(GIVEN INFORMATION)
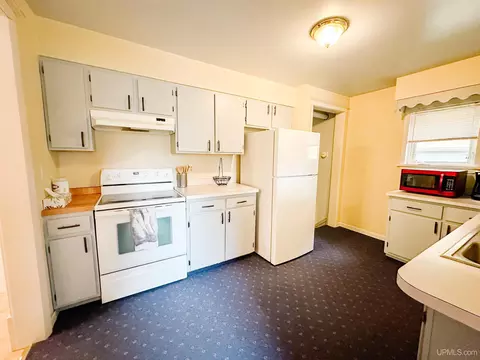 Kitchen - 607 N Fourth, Ishpeming, MI 49849 photo 2 of 3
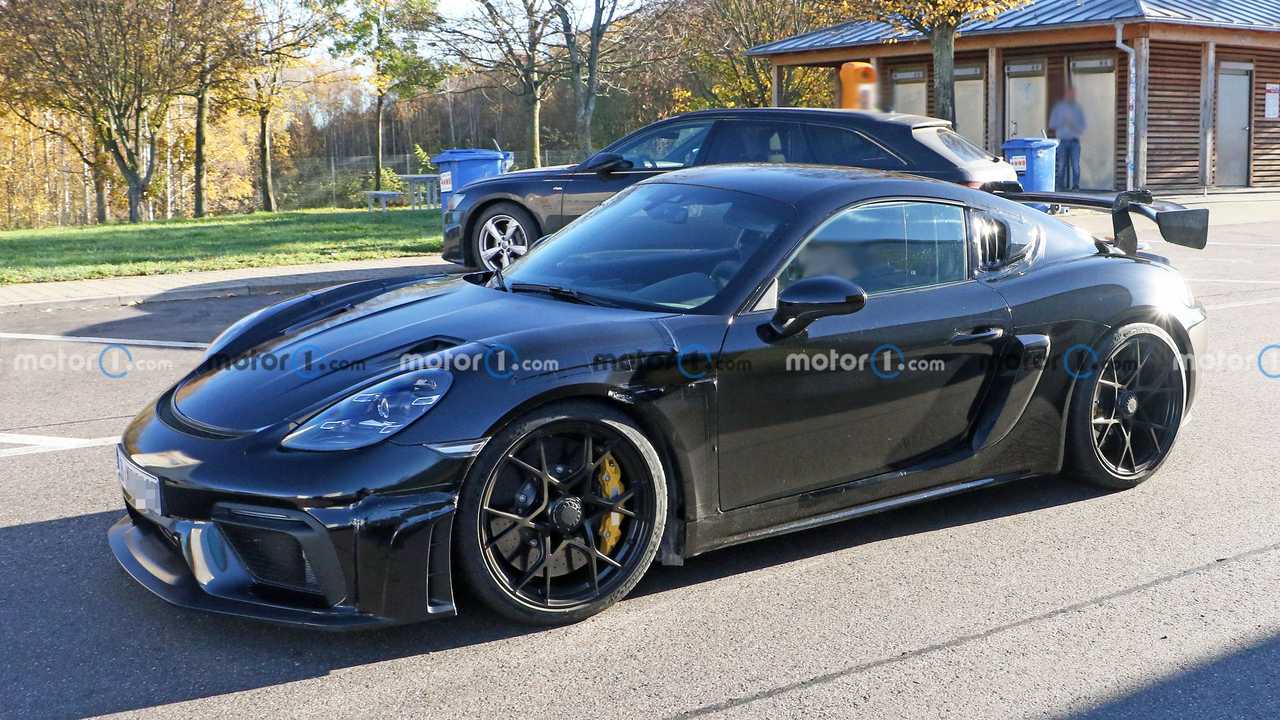 Porsche 718 Cayman GT4 RS piste hazır görünüyor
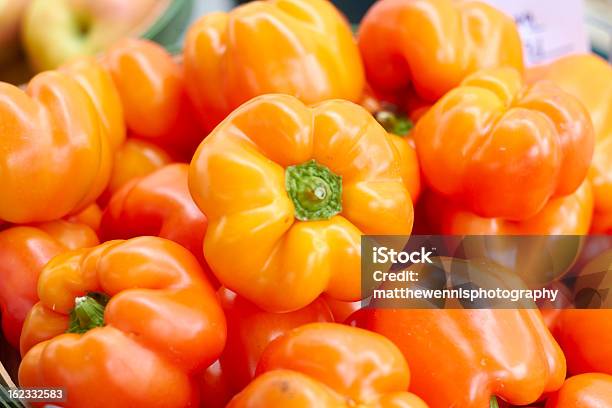 Laranja Bell Peppers Para Venda No Mercado - Fotografias de stock e mais imagens de Agricultura - Agricultura, Alimentação Saudável, Alimento Básico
(End GIVEN INFORMATION)
Your answer must be the lines from the line containing "Porsche 718 Cayman" through the final line of the data, written out exactly, both ends included and pictures left out.

• [WRITTEN RESPONSE]:
 Porsche 718 Cayman GT4 RS piste hazır görünüyor
 Laranja Bell Peppers Para Venda No Mercado - Fotografias de stock e mais imagens de Agricultura - Agricultura, Alimentação Saudável, Alimento Básico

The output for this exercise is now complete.